Ma in attesa del passaggio al Senato, va in scena la prima fiducia targata M5S-Pd a Montecitorio. Al loro debutto nel 'Palazzo', le ministre dell'Interno Luciana Lamorgese e dell'Innovazione Paola Pisano, quest'ultima 'scortata' da alcuni deputati 5 Stelle come il piemontese Luca Carabetta (in odore di sottosegretariato).

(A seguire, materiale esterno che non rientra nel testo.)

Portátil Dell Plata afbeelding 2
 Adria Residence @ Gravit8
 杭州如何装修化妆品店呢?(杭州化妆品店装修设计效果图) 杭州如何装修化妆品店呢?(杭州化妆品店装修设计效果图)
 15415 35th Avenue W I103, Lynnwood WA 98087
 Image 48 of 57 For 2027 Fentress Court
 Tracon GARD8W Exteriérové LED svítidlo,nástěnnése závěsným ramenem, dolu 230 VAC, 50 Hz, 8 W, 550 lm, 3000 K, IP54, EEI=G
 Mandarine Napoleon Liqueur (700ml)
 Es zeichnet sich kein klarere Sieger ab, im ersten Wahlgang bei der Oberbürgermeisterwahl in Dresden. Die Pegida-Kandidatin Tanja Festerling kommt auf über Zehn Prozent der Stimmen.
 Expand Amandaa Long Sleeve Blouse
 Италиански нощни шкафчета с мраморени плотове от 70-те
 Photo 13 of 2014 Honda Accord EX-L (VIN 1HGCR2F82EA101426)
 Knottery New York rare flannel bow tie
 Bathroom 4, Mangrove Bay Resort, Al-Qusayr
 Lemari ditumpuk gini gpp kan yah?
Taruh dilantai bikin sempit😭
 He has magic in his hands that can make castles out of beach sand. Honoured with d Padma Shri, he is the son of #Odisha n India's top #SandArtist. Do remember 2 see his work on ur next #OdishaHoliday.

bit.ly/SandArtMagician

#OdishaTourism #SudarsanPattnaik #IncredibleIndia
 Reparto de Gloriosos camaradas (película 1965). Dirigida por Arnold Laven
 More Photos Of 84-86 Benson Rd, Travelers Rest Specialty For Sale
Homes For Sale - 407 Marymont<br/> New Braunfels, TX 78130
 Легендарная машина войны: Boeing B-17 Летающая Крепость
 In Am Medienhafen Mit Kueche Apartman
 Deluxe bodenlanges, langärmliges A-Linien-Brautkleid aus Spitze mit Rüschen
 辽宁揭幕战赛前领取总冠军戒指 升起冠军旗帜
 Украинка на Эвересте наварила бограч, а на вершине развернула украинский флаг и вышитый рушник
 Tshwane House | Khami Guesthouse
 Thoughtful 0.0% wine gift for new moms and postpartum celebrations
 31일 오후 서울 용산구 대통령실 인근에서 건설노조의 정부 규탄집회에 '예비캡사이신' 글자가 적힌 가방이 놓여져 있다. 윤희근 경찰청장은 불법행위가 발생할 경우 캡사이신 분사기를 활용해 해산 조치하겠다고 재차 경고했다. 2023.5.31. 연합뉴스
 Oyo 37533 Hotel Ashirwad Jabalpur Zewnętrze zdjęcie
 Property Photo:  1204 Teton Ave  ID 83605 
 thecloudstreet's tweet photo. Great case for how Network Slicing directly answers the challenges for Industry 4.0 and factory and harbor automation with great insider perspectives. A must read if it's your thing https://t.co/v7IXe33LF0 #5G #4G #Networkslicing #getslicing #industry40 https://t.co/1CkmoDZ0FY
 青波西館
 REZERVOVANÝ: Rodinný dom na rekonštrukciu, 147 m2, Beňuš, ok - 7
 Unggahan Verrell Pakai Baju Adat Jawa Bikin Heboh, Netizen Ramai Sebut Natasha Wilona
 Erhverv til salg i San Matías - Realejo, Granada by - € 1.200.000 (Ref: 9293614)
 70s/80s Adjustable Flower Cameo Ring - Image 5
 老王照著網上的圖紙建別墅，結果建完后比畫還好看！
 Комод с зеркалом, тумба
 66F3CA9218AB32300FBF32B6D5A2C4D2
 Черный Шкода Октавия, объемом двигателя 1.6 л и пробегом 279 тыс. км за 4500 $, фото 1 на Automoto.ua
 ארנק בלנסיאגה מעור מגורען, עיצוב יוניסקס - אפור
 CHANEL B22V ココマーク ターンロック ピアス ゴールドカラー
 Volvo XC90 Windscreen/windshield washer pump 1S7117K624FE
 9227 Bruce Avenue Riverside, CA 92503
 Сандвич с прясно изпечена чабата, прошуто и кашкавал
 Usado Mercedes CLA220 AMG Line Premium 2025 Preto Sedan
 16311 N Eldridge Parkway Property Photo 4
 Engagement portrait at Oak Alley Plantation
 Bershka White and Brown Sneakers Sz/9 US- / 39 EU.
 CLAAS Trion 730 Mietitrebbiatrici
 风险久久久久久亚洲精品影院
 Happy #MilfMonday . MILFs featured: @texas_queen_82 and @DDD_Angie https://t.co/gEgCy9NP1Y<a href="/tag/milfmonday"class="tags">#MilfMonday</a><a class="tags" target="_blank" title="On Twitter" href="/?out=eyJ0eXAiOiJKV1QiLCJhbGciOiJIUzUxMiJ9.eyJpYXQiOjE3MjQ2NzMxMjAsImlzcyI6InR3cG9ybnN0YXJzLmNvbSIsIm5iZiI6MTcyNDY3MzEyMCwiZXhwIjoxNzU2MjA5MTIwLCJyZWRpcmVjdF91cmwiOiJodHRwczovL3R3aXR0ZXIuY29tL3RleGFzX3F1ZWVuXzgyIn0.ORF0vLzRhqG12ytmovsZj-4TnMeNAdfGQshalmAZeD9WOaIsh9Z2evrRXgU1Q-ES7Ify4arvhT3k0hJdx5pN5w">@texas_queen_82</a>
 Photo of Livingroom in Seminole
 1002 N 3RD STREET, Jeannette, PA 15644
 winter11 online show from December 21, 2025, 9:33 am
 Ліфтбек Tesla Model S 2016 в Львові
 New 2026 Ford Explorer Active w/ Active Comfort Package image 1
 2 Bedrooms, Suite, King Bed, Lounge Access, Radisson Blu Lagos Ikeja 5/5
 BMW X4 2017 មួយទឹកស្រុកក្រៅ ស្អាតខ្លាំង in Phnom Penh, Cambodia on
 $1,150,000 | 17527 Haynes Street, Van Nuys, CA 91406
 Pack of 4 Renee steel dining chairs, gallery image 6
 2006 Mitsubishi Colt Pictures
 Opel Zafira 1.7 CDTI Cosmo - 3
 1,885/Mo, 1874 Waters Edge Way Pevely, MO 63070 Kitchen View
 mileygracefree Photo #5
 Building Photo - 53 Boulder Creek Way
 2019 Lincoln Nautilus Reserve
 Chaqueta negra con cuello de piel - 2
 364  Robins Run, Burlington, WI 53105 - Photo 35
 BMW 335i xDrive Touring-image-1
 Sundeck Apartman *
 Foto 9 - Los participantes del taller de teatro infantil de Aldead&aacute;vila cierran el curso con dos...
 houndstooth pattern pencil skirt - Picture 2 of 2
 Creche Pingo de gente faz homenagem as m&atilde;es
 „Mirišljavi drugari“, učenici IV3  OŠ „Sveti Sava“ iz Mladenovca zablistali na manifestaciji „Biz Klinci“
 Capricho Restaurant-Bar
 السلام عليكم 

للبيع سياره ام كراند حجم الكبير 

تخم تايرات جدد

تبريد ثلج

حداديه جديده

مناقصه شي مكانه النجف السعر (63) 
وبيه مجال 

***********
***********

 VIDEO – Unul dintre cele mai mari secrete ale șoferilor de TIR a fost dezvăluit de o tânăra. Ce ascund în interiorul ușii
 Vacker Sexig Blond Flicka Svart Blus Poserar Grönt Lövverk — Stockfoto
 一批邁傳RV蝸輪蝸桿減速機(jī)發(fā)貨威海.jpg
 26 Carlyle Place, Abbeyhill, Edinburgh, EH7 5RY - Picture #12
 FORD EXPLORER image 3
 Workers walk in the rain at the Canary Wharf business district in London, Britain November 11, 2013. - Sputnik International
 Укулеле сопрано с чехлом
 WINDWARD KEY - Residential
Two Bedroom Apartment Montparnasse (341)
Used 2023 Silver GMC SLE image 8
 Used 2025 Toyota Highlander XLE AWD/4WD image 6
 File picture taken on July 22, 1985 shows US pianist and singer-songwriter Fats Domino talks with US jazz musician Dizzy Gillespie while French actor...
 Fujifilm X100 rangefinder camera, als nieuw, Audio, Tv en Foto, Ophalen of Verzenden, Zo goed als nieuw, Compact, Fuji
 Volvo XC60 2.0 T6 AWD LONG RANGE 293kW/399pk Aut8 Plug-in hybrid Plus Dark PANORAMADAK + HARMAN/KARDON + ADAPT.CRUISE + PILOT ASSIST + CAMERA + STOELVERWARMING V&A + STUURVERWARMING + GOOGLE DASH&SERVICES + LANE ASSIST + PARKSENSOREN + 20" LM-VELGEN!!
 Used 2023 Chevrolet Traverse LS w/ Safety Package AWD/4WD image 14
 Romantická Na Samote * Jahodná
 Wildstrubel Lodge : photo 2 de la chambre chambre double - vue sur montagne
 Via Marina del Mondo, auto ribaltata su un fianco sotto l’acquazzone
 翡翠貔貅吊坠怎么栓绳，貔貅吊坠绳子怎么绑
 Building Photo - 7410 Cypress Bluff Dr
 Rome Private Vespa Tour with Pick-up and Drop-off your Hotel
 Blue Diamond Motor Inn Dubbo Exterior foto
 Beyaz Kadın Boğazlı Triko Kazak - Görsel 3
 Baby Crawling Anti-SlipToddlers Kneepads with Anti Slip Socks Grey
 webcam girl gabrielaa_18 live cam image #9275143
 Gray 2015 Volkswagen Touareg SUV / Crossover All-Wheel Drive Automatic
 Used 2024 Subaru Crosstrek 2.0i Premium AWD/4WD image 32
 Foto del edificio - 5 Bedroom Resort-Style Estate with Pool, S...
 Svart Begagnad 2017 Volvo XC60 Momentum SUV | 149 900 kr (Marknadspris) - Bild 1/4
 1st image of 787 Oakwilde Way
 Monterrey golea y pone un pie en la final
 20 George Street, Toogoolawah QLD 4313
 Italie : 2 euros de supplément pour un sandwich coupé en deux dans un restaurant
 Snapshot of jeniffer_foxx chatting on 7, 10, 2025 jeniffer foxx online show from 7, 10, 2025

La deputata ortodossa Doriana Sarli tira un sospiro di sollievo: "Rispetto alla Lega è sicuramente un'altra cosa. Le parole di Conte sul tema migranti e sul 'nuovo umanesimo' fanno ben sperare". Ma non mancano gli scontenti di questo nuovo corso: l'immagine dei ministri M5S che affiancano i dem nella prima foto di questo nuovo album di famiglia giallorosso, per alcuni eletti è come un pugno nell'occhio.

E il giovane Luigi Iovino, Commissione Difesa, non ne fa mistero mentre in buvette si sfoga con alcuni suoi colleghi. "In Campania l'alleanza con il Pd non va assolutamente fatta", le parole del deputato campano. Ci pensa poi Manlio Di Stefano a sgomberare il campo chiudendo definitivamente all'ipotesi di un accordo tra pentastellati e democratici in vista delle prossime regionali: "Non è possibile, al 100% non si farà".

Ma è la partita dei sottosegretari la principale causa di fibrillazioni e malumori all'interno del corpaccione parlamentare grillino. E i mal di pancia che in queste ore si registrano a Palazzo Madama vengono letti da molti come un tentativo, da parte di alcuni senatori, di alzare la posta per ottenere incarichi di peso. La gara è entrata nel vivo e, tra manovre sotterranee e autocandidature più o meno alla luce del sole, in tanti scalpitano per avere un posto al sole nel prossimo sottogoverno.

"Discontinuità", la parola d'ordine invocata da tanti: "D'altronde - osserva un parlamentare - con le 'graticole' abbiamo assistito a diverse bocciature...". Ostenta tranquillità Stefano Buffagni, alla Camera oggi senza cravatta: "La mia unica fede è l'Inter", si limita a dire dribblando qualsiasi domanda sull'attualità politica. Per il lombardo si parla di un ruolo come sottosegretario o addirittura viceministro al Mef, casella che nel precedente governo era occupata da Laura Castelli (la quale spera in una riconferma).

Concluso il sudoku del sottogoverno - mercoledì la deadline ipotizzata - potrebbe iniziare presto la corsa alla poltrona di capogruppo di Senato e Camera dopo la promozione a ministro di Stefano Patuanelli e il possibile 'upgrade' come sottosegretario di Francesco D'Uva (Cultura o Rapporti col Parlamento le destinazioni ipotizzate). I nomi che circolano a Palazzo Madama per il post Patuanelli sono quelli del vicecapogruppo Gianluca Perilli e degli ex ministri Barbara Lezzi e Danilo Toninelli. A Montecitorio, se D'Uva dovesse entrare nel sottogoverno, potrebbero entrare in partita Francesco Silvestri e Riccardo Ricciardi.

Da non sottovalutare, infine, il capitolo Commissioni, molte delle quali sono presiedute da esponenti della Lega. I giallorossi rischiano di non avere vita facile e il deputato leghista Igor Iezzi lo fa capire chiaramente, con un pragmatismo non oxfordiano ma di sicura efficacia: "Qui non passa un cazzo".